## [Collected data entries]
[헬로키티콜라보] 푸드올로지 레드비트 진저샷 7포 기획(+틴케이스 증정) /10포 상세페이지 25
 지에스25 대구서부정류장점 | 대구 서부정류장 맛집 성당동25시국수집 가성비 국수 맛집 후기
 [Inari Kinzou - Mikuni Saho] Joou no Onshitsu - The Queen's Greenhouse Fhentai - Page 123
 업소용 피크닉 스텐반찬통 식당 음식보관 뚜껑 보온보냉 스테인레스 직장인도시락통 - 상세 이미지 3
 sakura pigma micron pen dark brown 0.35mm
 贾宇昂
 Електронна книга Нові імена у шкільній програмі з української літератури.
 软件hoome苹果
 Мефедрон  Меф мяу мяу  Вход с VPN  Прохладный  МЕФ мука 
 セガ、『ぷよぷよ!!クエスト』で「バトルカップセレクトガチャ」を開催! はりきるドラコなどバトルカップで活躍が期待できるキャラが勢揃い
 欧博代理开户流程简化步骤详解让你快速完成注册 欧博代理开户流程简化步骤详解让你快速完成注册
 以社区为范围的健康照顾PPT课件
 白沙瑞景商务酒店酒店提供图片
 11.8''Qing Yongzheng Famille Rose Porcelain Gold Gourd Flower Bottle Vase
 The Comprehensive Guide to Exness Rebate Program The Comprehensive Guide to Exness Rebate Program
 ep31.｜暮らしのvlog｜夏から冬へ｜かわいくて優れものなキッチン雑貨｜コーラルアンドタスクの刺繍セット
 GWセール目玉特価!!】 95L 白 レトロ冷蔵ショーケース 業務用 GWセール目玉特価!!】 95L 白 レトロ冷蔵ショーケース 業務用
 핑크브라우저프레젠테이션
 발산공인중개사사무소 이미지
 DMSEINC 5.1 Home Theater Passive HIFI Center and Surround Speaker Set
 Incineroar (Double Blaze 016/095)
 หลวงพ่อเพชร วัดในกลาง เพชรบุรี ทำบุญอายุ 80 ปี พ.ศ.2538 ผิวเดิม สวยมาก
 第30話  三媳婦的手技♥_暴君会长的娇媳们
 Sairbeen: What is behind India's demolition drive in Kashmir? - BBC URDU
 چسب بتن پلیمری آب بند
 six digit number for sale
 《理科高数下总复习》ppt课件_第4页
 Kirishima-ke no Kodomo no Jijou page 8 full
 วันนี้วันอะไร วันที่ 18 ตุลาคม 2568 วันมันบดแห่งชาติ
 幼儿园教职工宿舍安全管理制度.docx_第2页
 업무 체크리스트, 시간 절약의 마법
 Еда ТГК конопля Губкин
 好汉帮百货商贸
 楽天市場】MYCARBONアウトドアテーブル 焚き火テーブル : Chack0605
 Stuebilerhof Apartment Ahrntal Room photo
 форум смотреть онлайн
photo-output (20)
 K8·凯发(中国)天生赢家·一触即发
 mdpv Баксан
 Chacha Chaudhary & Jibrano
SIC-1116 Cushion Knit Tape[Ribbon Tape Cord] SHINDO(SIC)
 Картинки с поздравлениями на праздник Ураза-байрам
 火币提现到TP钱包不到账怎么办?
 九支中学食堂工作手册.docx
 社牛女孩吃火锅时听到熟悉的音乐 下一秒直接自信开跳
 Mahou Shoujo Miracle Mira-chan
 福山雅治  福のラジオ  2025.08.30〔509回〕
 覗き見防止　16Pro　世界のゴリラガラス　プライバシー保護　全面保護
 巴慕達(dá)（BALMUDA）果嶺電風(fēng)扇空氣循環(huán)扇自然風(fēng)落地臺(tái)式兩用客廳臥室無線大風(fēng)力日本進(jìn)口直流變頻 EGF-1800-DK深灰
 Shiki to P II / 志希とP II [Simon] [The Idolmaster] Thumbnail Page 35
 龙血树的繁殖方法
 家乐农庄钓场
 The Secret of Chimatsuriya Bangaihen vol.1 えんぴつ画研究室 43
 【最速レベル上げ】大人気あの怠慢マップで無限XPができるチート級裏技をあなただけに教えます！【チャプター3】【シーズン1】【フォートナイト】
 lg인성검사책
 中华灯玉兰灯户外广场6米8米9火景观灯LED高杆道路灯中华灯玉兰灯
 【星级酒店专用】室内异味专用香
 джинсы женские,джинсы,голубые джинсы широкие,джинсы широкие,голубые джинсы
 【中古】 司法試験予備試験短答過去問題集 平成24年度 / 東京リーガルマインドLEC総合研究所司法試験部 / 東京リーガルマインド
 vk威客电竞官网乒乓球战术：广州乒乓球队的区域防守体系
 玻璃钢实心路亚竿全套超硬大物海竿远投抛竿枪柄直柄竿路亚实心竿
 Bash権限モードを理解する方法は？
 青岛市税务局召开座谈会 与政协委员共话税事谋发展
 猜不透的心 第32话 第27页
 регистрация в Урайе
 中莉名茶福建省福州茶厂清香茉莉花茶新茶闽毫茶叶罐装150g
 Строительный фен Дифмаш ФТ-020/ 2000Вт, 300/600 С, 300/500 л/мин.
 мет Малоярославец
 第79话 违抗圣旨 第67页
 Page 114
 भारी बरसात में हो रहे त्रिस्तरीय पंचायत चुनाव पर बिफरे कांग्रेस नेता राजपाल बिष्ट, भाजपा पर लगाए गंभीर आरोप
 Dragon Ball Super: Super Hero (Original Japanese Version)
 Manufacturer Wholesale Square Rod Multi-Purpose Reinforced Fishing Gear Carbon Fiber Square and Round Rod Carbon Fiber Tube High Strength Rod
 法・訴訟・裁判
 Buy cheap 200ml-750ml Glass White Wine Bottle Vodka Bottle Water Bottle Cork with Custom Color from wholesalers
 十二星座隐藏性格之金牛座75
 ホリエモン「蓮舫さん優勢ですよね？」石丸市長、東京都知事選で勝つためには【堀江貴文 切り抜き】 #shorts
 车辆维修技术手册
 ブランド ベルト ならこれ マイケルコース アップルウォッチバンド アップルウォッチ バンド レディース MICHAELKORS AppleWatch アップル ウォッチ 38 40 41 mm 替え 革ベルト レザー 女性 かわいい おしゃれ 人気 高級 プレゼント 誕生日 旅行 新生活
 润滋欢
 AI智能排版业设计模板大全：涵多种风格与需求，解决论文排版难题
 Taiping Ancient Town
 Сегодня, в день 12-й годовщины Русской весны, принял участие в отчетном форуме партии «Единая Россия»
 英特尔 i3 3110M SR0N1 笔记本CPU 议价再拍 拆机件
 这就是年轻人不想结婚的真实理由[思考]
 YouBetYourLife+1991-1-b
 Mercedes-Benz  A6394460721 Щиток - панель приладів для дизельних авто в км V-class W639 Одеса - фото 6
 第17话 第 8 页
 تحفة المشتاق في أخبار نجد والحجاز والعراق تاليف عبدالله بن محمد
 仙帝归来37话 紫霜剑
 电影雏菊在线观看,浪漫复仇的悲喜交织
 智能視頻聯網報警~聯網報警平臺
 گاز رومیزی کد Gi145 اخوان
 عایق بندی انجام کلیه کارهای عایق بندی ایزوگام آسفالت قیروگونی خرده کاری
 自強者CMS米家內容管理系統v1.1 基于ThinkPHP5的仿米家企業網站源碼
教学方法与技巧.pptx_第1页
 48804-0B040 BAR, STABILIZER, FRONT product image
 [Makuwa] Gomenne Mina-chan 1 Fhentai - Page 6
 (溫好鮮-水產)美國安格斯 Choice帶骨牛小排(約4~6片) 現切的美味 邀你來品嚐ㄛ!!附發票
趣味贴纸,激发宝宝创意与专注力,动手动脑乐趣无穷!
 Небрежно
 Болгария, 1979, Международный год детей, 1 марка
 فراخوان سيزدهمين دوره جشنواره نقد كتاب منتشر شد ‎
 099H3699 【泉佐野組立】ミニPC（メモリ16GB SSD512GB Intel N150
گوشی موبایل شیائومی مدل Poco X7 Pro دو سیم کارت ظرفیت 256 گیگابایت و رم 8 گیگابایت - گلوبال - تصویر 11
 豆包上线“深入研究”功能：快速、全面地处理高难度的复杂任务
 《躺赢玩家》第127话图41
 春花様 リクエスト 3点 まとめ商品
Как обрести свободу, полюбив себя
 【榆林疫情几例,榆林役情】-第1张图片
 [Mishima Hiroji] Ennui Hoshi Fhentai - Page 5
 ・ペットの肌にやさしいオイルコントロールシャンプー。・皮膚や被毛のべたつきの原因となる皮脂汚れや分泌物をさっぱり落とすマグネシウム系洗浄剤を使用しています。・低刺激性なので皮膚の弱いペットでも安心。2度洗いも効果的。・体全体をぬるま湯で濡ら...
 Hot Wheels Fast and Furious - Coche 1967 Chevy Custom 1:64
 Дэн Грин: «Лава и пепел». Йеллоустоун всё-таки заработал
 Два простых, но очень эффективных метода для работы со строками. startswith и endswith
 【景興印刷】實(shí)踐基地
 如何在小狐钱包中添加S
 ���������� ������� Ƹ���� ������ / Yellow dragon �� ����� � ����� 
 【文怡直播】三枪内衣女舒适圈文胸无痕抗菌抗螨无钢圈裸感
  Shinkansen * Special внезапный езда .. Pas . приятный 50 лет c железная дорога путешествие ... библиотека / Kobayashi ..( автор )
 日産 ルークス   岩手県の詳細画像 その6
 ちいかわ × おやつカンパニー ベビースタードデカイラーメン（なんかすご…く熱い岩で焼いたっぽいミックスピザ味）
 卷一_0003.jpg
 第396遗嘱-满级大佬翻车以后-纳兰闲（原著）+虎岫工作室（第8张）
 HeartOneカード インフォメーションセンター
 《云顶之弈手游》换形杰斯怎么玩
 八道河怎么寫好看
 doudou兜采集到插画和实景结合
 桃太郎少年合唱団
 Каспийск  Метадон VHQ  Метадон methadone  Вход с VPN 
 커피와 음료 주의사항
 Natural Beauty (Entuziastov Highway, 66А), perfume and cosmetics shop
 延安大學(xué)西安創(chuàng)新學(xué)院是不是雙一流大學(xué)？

## [WHAT IS EXPECTED]
The answer should consist solely of the lines from the first line above through the one with "社牛女孩吃火锅时听到熟悉的音乐 下一秒直接自信开跳", both included, repeated exactly.

## [SOLUTION TO THIS TASK]
[헬로키티콜라보] 푸드올로지 레드비트 진저샷 7포 기획(+틴케이스 증정) /10포 상세페이지 25
 지에스25 대구서부정류장점 | 대구 서부정류장 맛집 성당동25시국수집 가성비 국수 맛집 후기
 [Inari Kinzou - Mikuni Saho] Joou no Onshitsu - The Queen's Greenhouse Fhentai - Page 123
 업소용 피크닉 스텐반찬통 식당 음식보관 뚜껑 보온보냉 스테인레스 직장인도시락통 - 상세 이미지 3
 sakura pigma micron pen dark brown 0.35mm
 贾宇昂
 Електронна книга Нові імена у шкільній програмі з української літератури.
 软件hoome苹果
 Мефедрон  Меф мяу мяу  Вход с VPN  Прохладный  МЕФ мука 
 セガ、『ぷよぷよ!!クエスト』で「バトルカップセレクトガチャ」を開催! はりきるドラコなどバトルカップで活躍が期待できるキャラが勢揃い
 欧博代理开户流程简化步骤详解让你快速完成注册 欧博代理开户流程简化步骤详解让你快速完成注册
 以社区为范围的健康照顾PPT课件
 白沙瑞景商务酒店酒店提供图片
 11.8''Qing Yongzheng Famille Rose Porcelain Gold Gourd Flower Bottle Vase
 The Comprehensive Guide to Exness Rebate Program The Comprehensive Guide to Exness Rebate Program
 ep31.｜暮らしのvlog｜夏から冬へ｜かわいくて優れものなキッチン雑貨｜コーラルアンドタスクの刺繍セット
 GWセール目玉特価!!】 95L 白 レトロ冷蔵ショーケース 業務用 GWセール目玉特価!!】 95L 白 レトロ冷蔵ショーケース 業務用
 핑크브라우저프레젠테이션
 발산공인중개사사무소 이미지
 DMSEINC 5.1 Home Theater Passive HIFI Center and Surround Speaker Set
 Incineroar (Double Blaze 016/095)
 หลวงพ่อเพชร วัดในกลาง เพชรบุรี ทำบุญอายุ 80 ปี พ.ศ.2538 ผิวเดิม สวยมาก
 第30話  三媳婦的手技♥_暴君会长的娇媳们
 Sairbeen: What is behind India's demolition drive in Kashmir? - BBC URDU
 چسب بتن پلیمری آب بند
 six digit number for sale
 《理科高数下总复习》ppt课件_第4页
 Kirishima-ke no Kodomo no Jijou page 8 full
 วันนี้วันอะไร วันที่ 18 ตุลาคม 2568 วันมันบดแห่งชาติ
 幼儿园教职工宿舍安全管理制度.docx_第2页
 업무 체크리스트, 시간 절약의 마법
 Еда ТГК конопля Губкин
 好汉帮百货商贸
 楽天市場】MYCARBONアウトドアテーブル 焚き火テーブル : Chack0605
 Stuebilerhof Apartment Ahrntal Room photo
 форум смотреть онлайн
photo-output (20)
 K8·凯发(中国)天生赢家·一触即发
 mdpv Баксан
 Chacha Chaudhary & Jibrano
SIC-1116 Cushion Knit Tape[Ribbon Tape Cord] SHINDO(SIC)
 Картинки с поздравлениями на праздник Ураза-байрам
 火币提现到TP钱包不到账怎么办?
 九支中学食堂工作手册.docx
 社牛女孩吃火锅时听到熟悉的音乐 下一秒直接自信开跳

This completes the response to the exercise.